The most straight forward reason for this is every number (except 2) will XOR out to 0.

Now visualize all the numbers in binary representation one below the other.

The ones XORing out to 0 MUST HAVE identical bit masks (of course so, because all, except 2 are duplicates and the duplicates will have identical bit masks, because the values are identical). So, the only values contributing to the final non-zero XOR value are the 2 non-repeating numbers.

So, basically XORing only those 2 non-repeating numbers and XORing all the numbers is effectively same.
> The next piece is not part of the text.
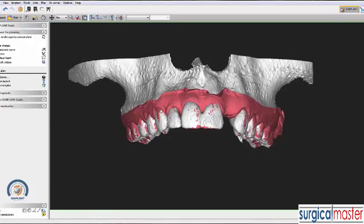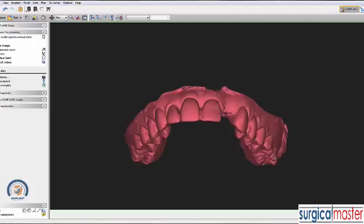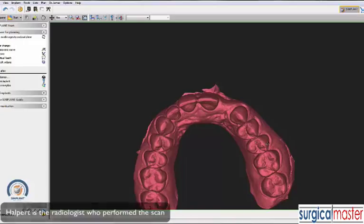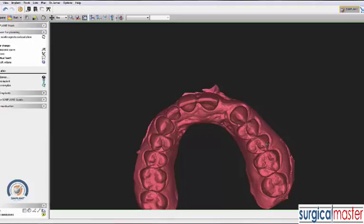What's missing here is the tooth. I didn't have enough time to merge the impression of the bonded tooth. So we're going to use a virtual wax-up to give us an idea where the tooth fits in, and then we can plan the implant accordingly. I'm not looking at Halpert's printouts, CD, or PDF files — I'm looking at the 3D and all the different sections, and I'll show you how it works.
And the NON-ZERO final XOR gives in a very important clue. The clue that it is NON-ZERO. And that means, because of XOR’s mutually exclusive properties, the two non-repeating numbers must have AT LEAST one bit different. Since that bit has contributed to final NON-ZERO XOR value, all the rest of the numbers HAVE TO HAVE CANCELLED EACH OTHER. There’s absolutely no way that bit is staying NON-ZERO, otherwise. So, you can trust only one (any one) set bit in the final XOR value. That is bit is sure to be set odd number of times in the entire set (because then only it can be exclusive and hence set in the final XOR value), AND, IMPORTANTLY, it HAS TO be set ON in one number, and OFF in the other. So, that bit can help split the entire set into 2 halves, effectively reducing the problem to finding only one non-repeating number, but this time, in 2 sets from the original set. Think about it. Just pay close attention to the XOR’s properties. It would start making sense.